Design

What actually makes an AI agent good at its job

Diagram of a well-bounded AI agent decision loop with clearly marked entry and exit conditions
In this note

We have been in the room when a lot of AI projects get scoped. The conversation almost always gravitates toward the same question: which model should we use? GPT-4 or Claude? Open-source or API? Fine-tuned or prompt-engineered?

These are not bad questions. But they are the wrong first question. The model is maybe 20% of whether an agent succeeds in production. The other 80% is whether someone thought clearly about what the agent is allowed to do, what happens when it hits something unusual, and how a human gets back into the loop when it needs to.

The scope question comes before the model question

A well-scoped agent with a mediocre model will outperform a brilliantly-prompted agent with a fuzzy scope every time. Why? Because a fuzzy scope means the agent is regularly encountering situations it was not designed for, and it has to improvise. Sometimes it improvises correctly. Often it does not. And because the scope was fuzzy, no one quite knew what "correct" was supposed to look like anyway.

The scope question has three parts:

  • What exactly triggers this agent to start acting?
  • What are the complete set of actions it is allowed to take?
  • What situations cause it to stop and wait for a human?

If you cannot answer all three before you start building, you are not ready to build yet.

Entry conditions: the trigger problem

Most agent designs start with "when X happens, the agent does Y." The problem is that X is usually described at a level of abstraction that hides important edge cases. "When a new support ticket arrives" sounds clear. But: what if it is a duplicate of an existing ticket? What if it is from an account that is currently in dispute? What if it arrives outside business hours and the escalation contact is on leave?

The trigger is not just "when does the agent start" — it is "what context does the agent need to have before it starts, and what does it do if that context is incomplete or ambiguous?"

A good entry condition definition lists every known exception to the happy path and specifies what happens in each case. Not all of those exceptions need to be handled by the agent. Some of them should immediately route to a human. The point is that the decision is made explicitly, not left for the agent to figure out on its own.

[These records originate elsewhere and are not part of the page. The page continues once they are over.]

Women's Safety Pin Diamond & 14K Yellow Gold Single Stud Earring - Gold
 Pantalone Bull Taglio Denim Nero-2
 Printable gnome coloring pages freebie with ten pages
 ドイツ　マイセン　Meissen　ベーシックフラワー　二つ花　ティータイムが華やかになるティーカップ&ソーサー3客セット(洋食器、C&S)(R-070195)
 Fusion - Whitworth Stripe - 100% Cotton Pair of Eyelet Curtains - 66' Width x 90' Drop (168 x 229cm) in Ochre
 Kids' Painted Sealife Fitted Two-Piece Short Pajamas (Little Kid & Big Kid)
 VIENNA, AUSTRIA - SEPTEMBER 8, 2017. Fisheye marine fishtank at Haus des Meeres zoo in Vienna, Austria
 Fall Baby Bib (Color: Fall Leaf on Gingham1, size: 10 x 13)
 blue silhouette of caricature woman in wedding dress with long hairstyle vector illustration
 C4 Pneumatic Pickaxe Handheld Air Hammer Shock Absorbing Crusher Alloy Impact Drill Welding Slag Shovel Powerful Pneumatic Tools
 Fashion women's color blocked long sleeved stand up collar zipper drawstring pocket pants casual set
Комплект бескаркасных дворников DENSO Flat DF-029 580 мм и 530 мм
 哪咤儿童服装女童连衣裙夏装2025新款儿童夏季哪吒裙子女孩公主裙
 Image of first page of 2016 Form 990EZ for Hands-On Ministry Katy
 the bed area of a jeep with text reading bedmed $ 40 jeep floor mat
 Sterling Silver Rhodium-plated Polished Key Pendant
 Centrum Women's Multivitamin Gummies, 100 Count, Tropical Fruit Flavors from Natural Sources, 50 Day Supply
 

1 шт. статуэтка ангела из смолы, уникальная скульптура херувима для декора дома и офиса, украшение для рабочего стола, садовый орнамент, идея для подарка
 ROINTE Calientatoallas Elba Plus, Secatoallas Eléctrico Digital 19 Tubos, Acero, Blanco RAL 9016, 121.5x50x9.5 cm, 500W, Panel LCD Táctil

Action space: what the agent is and is not allowed to do

This is where most agents are over-built. The temptation is to give the agent as many tools as possible — if it can do more, it can handle more situations. In practice, a larger action space means more ways for the agent to take an action that seemed reasonable in the moment but was not what the humans involved would have wanted.

We use a simple rule: the agent should have the minimum action space required to handle the happy path reliably. Everything else gets added incrementally, after the base case is running cleanly in production.

The agent should have the minimum action space required to handle the happy path reliably. Everything else gets added incrementally.

This is not a technical constraint — modern orchestration frameworks make it easy to add tools. It is a design discipline. An agent that can only send an email and update a CRM record will surprise you much less than an agent that can also create new records, reassign ownership, and trigger downstream notifications.

Exit conditions: the escalation design

Every production agent needs a clearly defined set of conditions under which it stops acting and surfaces a situation to a human. This is not a failure mode — it is a feature. An agent that knows when it is out of its depth is far more useful than one that keeps going regardless.

Good escalation design requires thinking about three categories of situation:

  • Ambiguous inputs — the agent receives something it cannot confidently classify
  • Conflicting signals — the data from two sources does not agree
  • Consequential decisions — the next step has a disproportionate downside if wrong

For each category, the design specifies: what does the agent surface to the human, in what format, and through what channel? A well-designed escalation feels like a useful briefing, not a confused interruption.

The model question: now you can ask it

Once you have a clear scope, action space, and escalation design, model selection becomes much more tractable. You know what kinds of reasoning the agent needs to do. You know how much ambiguity it will encounter. You know what the output format needs to look like. These constraints narrow the model choice considerably — and often the right answer is simpler and cheaper than you expected, because the hard work has been done in the scope design rather than delegated to the model.

This is the other thing that often surprises clients: a well-scoped agent with a smaller, cheaper model typically costs less to run and is more predictable than an under-scoped agent with a frontier model. Predictability in production is usually worth more than raw capability.

The agents we are most satisfied with, when we look back at them six months after deployment, are the ones that do one thing cleanly and reliably. Not the ones that could theoretically do many things.